About this exercise
Output the data exactly, with every line intact.

[Records contained in a dataset]
************
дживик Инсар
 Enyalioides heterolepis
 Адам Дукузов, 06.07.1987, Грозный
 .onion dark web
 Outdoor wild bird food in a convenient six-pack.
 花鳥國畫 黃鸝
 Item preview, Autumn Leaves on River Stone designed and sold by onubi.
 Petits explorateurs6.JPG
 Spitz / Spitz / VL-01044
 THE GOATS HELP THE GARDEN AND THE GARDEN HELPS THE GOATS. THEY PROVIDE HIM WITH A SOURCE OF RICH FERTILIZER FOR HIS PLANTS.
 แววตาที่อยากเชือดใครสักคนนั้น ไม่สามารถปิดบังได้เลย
************
Reply
дживик Инсар
 Enyalioides heterolepis
 Адам Дукузов, 06.07.1987, Грозный
 .onion dark web
 Outdoor wild bird food in a convenient six-pack.
 花鳥國畫 黃鸝
 Item preview, Autumn Leaves on River Stone designed and sold by onubi.
 Petits explorateurs6.JPG
 Spitz / Spitz / VL-01044
 THE GOATS HELP THE GARDEN AND THE GARDEN HELPS THE GOATS. THEY PROVIDE HIM WITH A SOURCE OF RICH FERTILIZER FOR HIS PLANTS.
 แววตาที่อยากเชือดใครสักคนนั้น ไม่สามารถปิดบังได้เลย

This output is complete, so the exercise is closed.